The dictionary learning and neural networks are powerful machine learning models for these research tasks. Initially, we focus on the multi-view action recognition task. First, a class-wise dictionary is pre-trained which encourages the sparse representations of the between-class videos from different views to lie close by. Next, we integrate the classifiers and the dictionary learning model into a unified model to learn the dictionary and classifiers jointly.

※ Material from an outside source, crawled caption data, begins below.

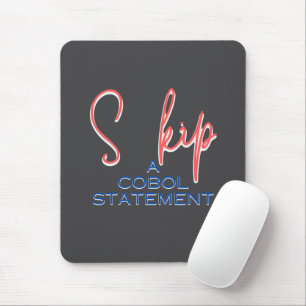 Tapis De Souris Instruction Skip du langage de programmation Cobol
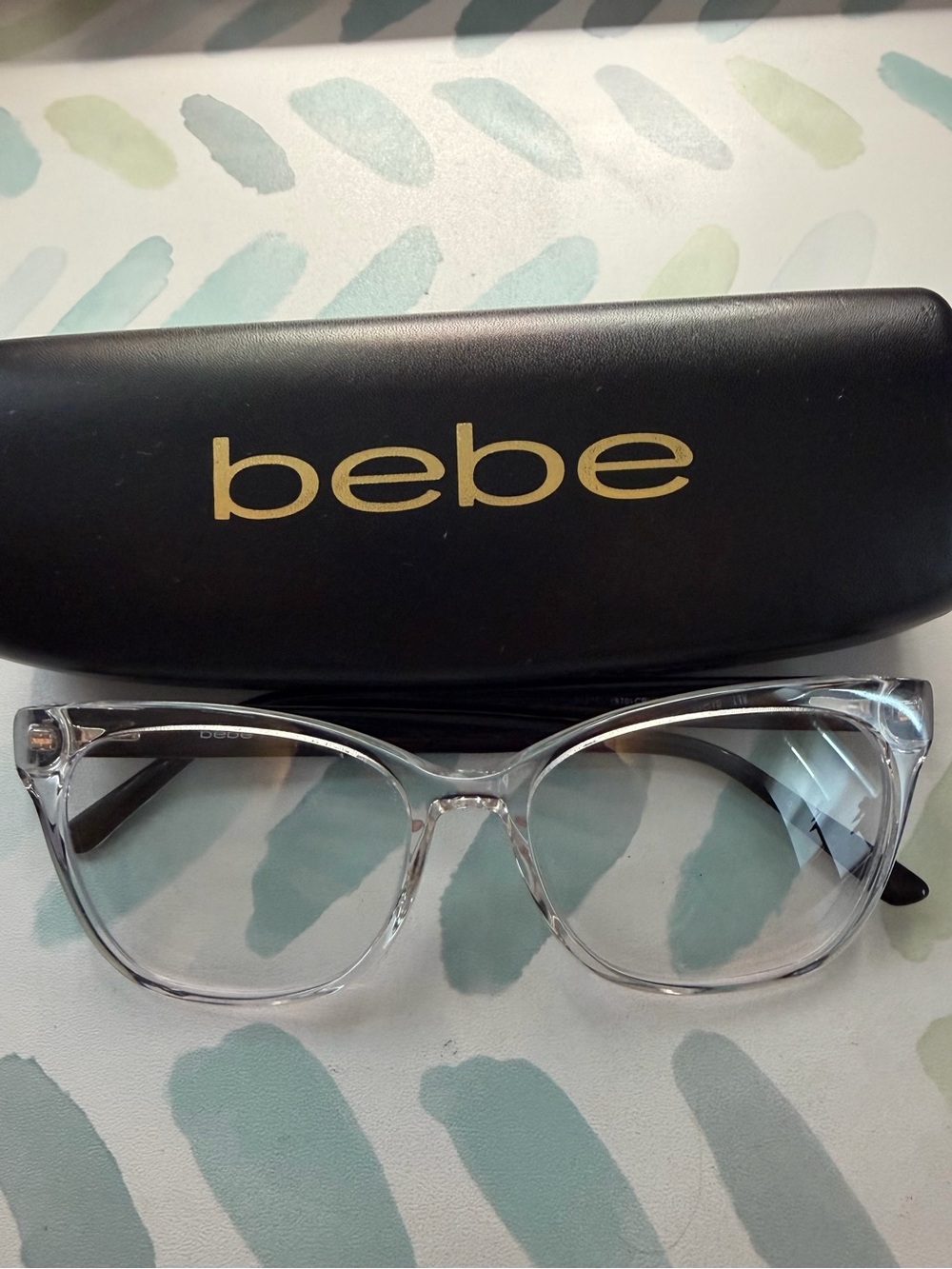 bebe Clear Transparent Frame Women's prescription Glasses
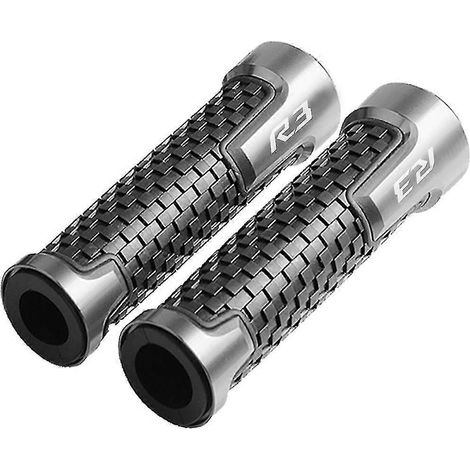 Accessoires moto : leviers de frein et d'embrayage pliables et extensibles, poignées, embouts pour Yamaha YZFR3 et YZF R3 (2017-2015) – Gris (1/5)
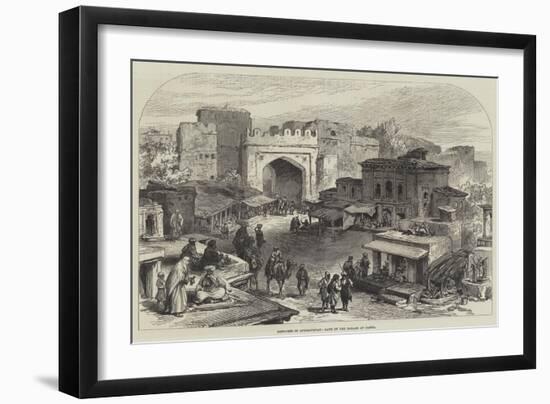 Sketches in Afghanistan, Gate of the Bazaar at Cabul-null-Framed Giclee Print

For face alignment, we frame the standard cascaded face alignment problem as a recurrent process by using a recurrent neural network. Importantly, by combining a convolutional neural network with a recurrent one we alleviate hand-crafted features to learn task-specific features. For human face aging task, it takes as input a single image and automatically outputs a series of aged faces. Since human face aging is a smooth progression, it is more appropriate to age the face by going through smooth transitional states. In this way, the intermediate aged faces between the age groups can be generated. Towards this target, we employ a recurrent neural network. The hidden units in the RFA are connected autoregressively allowing the framework to age the person by referring to the previous aged faces. For smile video generation, one person may smile in different ways (e.g., closing/opening the eyes or mouth). This is a one-to-many image-to-video generation problem, and we introduce a deep neural architecture named conditional multi-mode network (CMM-Net) to approach it. A multi-mode recurrent generator is trained to induce diversity and generate K different sequences of video frames.